Rationale: Abbreviating words in names does not make them shorter; it only makes them occupy less screen space. The reader still must understand the whole long name. This does not mean, however, that names should necessarily be long; they should be descriptive. Some long names are more descriptive than some short names, but there are also descriptive names that are not long and long names that are not descriptive. Here is an example of a long name that is not descriptive, from SchMUSE, a multi-user simulation environment written in MIT Scheme:

frisk-descriptor-recursive-subexpr-descender-for-frisk-descr-env

Not only is it long (sixty-four characters) and completely impenetrable, but halfway through its author decided to abbreviate some words as well!

Do not write single-letter variable names. Give local variables meaningful names composed from complete English words.

Rationale: It is tempting to reason that local variables are invisible to other code, so it is OK to be messy with their names. This is faulty reasoning: although the next person to come along and use a library may not care about anything but the top-level definitions that it exports, this is not the only audience of the code. Someone will also want to read the code later on, and if it is full of impenetrably terse variable names without meaning, that someone will have a hard time reading the code.

Give names to intermediate values where their expressions do not adequately describe them.

Rationale: An `expression’ is a term that expresses some value. Although a machine needs no higher meaning for this value, and although it should be written to be sufficiently clear for a human to understand what it means, the expression might mean something more than just what it says where it is used. Consequently, it is helpful for humans to see names given to expressions.

Example: A hash table HASH-TABLE maps foos to bars; (HASH-TABLE/GET HASH-TABLE FOO #F) expresses the datum that HASH-TABLE maps FOO to, but that expression gives the reader no hint of any information concerning that datum. (LET ((BAR (HASH-TABLE/GET HASH-TABLE FOO #F))) …) gives a helpful name for the reader to understand the code without having to find the definition of HASH-TABLE.

Index variables such as i and j, or variables such as A and D naming the car and cdr of a pair, are acceptable only if they are completely unambiguous in the scope. For example,

(do ((i 0 (+ i 1))) ((= i (vector-length vector))) (frobnicate (vector-ref vector i)))

is acceptable because the scope of i is very clearly limited to a single vector. However, if more vectors are involved, using more index variables such as j and k will obscure the program further.

Avoid functional combinators, or, worse, the point-free (or `point-less’) style of code that is popular in the Haskell world. At most, use function composition only where the composition of functions is the crux of the idea being expressed, rather than simply a procedure that happens to be a composition of two others.
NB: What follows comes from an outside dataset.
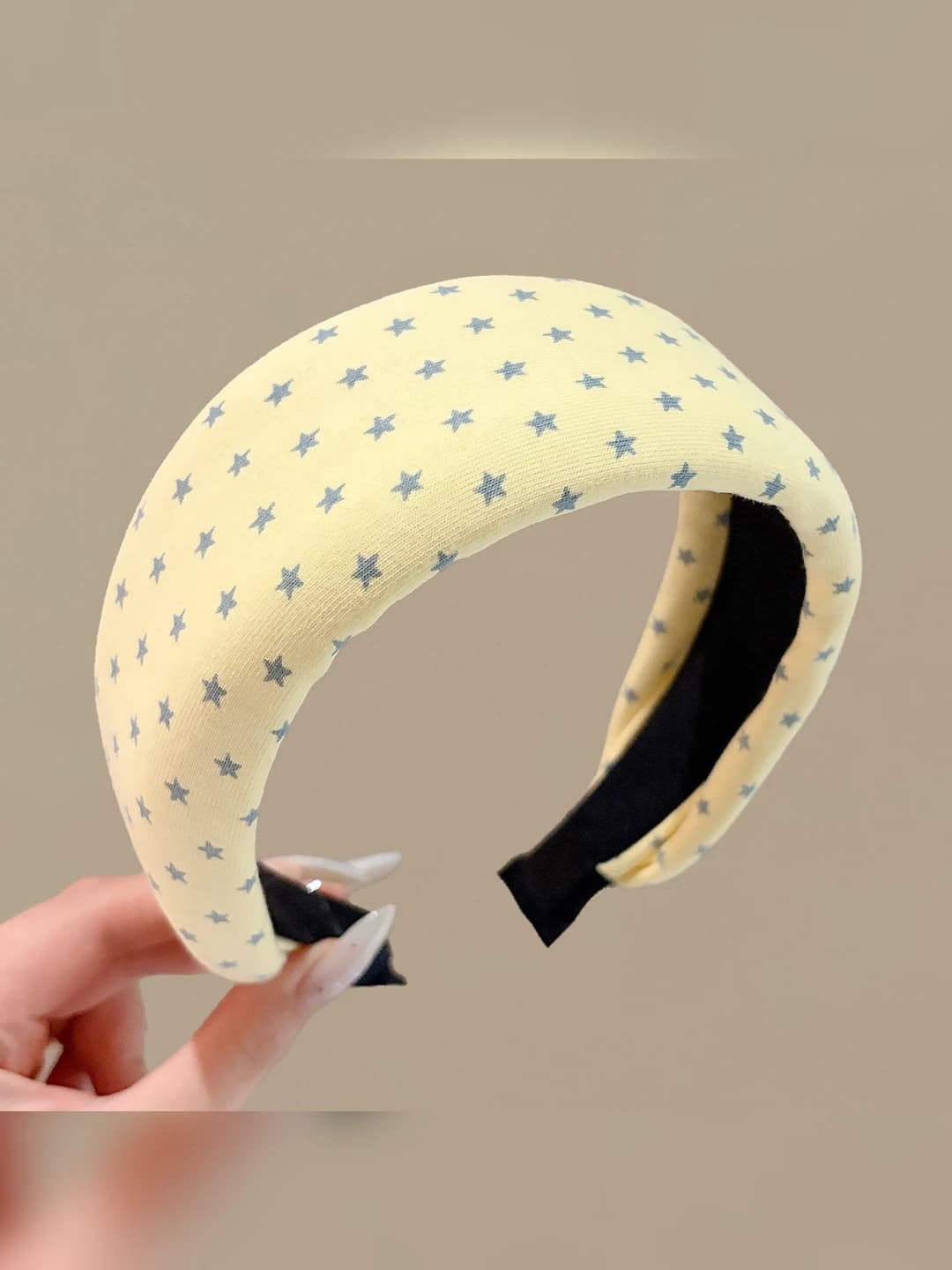 1# Yellow star, width ~6 cm, ~4 cm
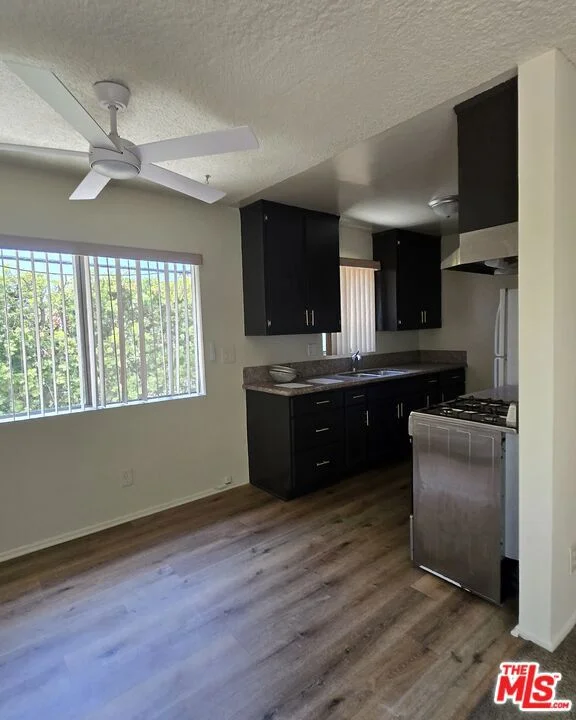 2219 Crenshaw Boulevard 3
Rationale: Tempting as it may be to recognize patterns that can be structured as combinations of functional combinators – say, `compose this procedure with the projection of the second argument of that other one’, or (COMPOSE FOO (PROJECT 2 BAR)) –, the reader of the code must subsequently examine the elaborate structure that has been built up to obscure the underlying purpose. The previous fragment could have been written (LAMBDA (A B) (FOO (BAR B))), which is in fact shorter, and which tells the reader directly what argument is being passed on to what, and what argument is being ignored, without forcing the reader to search for the definitions of FOO and BAR or the call site of the final composition. The explicit fragment contains substantially more information when intermediate values are named, which is very helpful for understanding it and especially for modifying it later on.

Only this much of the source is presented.